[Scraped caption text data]
────────────────────────────────────────

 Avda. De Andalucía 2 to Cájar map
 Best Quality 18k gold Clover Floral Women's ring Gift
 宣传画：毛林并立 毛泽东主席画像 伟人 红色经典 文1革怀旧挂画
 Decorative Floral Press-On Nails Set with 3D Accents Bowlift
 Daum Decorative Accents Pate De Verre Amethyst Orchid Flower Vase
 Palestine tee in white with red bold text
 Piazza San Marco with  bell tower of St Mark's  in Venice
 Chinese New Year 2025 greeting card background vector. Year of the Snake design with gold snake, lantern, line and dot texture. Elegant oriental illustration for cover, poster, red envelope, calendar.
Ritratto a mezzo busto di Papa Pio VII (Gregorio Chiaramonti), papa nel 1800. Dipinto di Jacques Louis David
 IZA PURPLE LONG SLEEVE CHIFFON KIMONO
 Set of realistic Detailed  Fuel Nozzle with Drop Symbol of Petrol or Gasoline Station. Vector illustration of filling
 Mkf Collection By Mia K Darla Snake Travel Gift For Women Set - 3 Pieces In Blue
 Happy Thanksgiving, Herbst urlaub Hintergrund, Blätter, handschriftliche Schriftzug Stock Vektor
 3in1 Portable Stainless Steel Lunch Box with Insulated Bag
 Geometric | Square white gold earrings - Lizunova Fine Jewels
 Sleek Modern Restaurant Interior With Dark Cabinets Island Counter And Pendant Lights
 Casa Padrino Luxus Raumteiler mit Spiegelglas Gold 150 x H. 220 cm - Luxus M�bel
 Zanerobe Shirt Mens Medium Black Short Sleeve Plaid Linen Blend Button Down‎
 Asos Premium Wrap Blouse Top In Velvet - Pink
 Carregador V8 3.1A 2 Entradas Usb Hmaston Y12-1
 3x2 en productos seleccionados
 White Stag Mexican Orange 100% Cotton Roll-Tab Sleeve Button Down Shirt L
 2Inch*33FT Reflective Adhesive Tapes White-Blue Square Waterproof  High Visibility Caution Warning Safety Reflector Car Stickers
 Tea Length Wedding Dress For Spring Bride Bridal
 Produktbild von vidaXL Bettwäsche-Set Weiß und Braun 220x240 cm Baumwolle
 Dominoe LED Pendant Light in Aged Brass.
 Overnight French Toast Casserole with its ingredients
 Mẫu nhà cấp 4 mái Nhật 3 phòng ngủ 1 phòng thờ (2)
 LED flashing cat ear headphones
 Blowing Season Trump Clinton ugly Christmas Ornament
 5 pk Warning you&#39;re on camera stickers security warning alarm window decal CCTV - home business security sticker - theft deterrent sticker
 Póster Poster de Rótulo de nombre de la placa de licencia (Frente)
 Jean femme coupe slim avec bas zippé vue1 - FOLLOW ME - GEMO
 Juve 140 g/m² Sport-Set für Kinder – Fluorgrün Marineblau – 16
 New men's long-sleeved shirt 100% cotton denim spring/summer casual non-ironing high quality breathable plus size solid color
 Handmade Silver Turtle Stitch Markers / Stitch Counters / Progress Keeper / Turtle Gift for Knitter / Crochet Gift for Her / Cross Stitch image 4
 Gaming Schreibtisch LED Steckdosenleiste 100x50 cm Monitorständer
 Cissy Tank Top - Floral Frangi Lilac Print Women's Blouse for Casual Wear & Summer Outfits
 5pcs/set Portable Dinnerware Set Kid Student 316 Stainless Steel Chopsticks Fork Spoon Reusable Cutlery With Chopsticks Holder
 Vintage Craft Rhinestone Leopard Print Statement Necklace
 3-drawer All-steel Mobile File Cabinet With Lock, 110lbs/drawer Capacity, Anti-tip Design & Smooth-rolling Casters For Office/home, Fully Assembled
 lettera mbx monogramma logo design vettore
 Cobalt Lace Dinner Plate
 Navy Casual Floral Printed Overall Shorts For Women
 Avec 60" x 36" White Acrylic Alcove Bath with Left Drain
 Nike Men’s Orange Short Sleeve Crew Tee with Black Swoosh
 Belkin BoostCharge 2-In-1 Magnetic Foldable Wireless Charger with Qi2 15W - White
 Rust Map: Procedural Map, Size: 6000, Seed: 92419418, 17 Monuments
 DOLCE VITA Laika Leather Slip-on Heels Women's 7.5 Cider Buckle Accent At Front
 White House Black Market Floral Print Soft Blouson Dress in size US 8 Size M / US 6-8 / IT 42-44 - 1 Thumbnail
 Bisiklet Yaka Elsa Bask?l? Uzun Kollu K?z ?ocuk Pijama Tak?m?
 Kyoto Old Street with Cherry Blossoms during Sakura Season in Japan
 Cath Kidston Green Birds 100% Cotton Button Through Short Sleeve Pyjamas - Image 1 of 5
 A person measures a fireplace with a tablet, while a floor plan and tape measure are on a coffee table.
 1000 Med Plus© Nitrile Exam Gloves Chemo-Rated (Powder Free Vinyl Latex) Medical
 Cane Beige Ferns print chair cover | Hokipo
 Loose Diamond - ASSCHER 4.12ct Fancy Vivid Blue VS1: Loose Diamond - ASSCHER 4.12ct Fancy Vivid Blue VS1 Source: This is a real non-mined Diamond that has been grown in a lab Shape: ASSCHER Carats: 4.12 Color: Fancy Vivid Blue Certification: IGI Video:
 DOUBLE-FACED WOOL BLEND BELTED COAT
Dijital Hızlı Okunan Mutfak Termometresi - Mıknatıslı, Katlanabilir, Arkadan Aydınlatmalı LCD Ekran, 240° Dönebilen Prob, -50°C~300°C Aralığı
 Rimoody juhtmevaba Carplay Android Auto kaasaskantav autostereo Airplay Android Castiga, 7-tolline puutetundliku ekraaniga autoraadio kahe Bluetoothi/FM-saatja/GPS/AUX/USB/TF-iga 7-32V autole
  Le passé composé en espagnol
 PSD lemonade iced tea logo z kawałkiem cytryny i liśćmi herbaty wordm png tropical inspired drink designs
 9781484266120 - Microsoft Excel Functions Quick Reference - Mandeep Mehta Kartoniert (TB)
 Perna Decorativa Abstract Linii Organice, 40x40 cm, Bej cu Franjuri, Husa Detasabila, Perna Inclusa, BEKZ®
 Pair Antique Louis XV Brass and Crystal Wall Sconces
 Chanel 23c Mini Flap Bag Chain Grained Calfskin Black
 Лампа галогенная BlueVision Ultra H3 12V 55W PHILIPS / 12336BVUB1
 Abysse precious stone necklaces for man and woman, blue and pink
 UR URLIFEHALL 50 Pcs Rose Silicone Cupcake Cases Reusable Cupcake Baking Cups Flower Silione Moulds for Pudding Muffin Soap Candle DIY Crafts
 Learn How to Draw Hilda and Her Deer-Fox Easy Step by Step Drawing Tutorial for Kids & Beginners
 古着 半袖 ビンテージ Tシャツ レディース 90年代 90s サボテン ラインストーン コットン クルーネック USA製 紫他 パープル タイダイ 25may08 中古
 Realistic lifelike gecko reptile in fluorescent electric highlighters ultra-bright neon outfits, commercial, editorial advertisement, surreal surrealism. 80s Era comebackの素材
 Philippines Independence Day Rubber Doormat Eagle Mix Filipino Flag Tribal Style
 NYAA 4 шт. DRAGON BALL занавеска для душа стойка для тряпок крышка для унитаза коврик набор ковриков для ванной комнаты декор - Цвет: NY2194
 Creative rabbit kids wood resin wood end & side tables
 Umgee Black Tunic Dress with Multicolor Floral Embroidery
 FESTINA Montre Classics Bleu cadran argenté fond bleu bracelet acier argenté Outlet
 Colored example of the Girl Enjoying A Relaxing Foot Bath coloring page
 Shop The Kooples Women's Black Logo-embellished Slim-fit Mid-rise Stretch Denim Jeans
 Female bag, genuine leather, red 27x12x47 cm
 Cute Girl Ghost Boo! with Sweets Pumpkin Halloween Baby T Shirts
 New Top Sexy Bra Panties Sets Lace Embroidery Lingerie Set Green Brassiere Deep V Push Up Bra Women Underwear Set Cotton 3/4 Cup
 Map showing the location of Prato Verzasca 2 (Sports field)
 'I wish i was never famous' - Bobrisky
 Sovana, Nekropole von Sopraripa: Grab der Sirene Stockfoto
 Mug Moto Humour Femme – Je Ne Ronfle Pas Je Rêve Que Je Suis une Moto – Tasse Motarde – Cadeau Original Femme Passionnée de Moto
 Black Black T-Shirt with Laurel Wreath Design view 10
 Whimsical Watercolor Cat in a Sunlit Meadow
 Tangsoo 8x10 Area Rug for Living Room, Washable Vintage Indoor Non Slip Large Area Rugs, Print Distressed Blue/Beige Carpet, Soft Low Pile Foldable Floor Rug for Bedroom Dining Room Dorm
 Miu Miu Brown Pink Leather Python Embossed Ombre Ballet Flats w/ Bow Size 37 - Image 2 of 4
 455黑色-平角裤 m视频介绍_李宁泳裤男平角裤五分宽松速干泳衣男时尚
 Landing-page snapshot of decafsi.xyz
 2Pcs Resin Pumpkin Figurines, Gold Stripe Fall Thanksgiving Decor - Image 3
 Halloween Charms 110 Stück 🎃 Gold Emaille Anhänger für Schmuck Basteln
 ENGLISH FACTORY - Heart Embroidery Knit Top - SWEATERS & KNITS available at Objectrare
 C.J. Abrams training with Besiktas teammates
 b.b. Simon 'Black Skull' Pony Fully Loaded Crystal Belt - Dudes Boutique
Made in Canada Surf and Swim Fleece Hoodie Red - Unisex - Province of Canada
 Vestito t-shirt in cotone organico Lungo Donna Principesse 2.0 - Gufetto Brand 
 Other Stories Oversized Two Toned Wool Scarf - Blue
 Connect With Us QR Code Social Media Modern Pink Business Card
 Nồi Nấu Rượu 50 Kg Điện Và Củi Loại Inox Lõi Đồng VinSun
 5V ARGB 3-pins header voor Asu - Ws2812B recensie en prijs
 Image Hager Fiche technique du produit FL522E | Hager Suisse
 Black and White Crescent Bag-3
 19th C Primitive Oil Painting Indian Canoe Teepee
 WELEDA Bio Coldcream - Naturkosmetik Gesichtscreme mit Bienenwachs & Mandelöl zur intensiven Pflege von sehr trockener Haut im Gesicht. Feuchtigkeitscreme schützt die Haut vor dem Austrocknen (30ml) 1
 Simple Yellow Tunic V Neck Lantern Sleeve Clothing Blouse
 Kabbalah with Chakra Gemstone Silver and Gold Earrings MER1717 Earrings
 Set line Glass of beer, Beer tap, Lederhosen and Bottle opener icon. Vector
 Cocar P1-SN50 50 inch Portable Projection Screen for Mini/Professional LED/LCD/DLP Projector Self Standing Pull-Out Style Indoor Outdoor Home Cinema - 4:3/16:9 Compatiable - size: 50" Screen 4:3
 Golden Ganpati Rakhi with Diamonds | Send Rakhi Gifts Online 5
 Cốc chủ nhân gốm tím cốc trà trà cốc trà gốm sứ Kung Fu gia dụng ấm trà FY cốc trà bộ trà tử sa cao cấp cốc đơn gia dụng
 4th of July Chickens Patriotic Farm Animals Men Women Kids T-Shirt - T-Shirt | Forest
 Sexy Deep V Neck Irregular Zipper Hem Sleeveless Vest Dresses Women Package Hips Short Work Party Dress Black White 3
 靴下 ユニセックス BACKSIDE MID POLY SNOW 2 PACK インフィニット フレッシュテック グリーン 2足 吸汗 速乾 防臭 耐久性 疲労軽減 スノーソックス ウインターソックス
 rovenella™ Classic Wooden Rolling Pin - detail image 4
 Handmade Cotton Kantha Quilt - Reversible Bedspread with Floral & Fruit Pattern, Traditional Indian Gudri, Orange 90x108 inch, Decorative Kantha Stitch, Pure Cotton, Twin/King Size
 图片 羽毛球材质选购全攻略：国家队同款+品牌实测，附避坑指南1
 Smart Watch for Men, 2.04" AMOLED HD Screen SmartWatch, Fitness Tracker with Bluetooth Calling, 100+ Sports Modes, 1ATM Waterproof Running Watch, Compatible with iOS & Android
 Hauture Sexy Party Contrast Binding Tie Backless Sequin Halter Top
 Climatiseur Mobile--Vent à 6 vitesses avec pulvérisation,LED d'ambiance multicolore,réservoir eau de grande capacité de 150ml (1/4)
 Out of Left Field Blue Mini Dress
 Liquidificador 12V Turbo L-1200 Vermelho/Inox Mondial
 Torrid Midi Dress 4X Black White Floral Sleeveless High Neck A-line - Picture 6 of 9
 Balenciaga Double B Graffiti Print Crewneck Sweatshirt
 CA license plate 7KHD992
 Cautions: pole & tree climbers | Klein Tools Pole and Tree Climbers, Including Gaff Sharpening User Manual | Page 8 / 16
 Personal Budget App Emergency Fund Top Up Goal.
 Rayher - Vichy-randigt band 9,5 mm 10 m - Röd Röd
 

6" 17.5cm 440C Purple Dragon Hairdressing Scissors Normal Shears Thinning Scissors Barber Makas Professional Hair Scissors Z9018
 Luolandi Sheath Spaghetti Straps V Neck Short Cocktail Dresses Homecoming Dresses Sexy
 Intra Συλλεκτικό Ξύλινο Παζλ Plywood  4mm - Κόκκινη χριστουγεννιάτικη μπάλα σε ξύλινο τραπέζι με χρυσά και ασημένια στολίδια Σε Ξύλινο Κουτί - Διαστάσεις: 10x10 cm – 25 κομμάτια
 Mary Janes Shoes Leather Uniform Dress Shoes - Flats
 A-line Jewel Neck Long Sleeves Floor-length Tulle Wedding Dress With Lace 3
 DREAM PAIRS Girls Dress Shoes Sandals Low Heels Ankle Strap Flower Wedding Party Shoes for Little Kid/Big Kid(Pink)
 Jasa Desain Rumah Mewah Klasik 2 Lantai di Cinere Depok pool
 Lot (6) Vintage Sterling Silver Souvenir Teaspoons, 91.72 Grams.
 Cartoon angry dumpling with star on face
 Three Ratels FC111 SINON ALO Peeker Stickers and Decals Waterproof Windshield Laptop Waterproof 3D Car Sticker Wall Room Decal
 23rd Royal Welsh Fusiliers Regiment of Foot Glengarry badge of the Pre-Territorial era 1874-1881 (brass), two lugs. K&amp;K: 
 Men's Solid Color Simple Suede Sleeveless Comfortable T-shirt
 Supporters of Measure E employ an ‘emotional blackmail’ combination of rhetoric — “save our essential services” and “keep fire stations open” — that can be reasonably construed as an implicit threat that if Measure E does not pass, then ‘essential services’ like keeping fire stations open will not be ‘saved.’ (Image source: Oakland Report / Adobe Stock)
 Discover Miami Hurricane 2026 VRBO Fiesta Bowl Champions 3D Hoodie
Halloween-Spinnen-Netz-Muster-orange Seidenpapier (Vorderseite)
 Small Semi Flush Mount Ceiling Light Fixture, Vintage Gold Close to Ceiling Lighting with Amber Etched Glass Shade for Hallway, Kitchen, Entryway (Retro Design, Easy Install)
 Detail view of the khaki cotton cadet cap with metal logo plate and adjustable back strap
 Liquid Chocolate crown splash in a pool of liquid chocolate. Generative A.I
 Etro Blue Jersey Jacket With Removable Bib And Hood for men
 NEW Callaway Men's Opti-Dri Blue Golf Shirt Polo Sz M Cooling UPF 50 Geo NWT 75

────────────────────────────────────────

What needs to be done. Working from the data above, extract solely the lines from the one containing "Jean femme coupe" through the one containing "Gaming Schreibtisch LED", exactly as they appear, both included.

Answer to this exercise.
 Jean femme coupe slim avec bas zippé vue1 - FOLLOW ME - GEMO
 Juve 140 g/m² Sport-Set für Kinder – Fluorgrün Marineblau – 16
 New men's long-sleeved shirt 100% cotton denim spring/summer casual non-ironing high quality breathable plus size solid color
 Handmade Silver Turtle Stitch Markers / Stitch Counters / Progress Keeper / Turtle Gift for Knitter / Crochet Gift for Her / Cross Stitch image 4
 Gaming Schreibtisch LED Steckdosenleiste 100x50 cm Monitorständer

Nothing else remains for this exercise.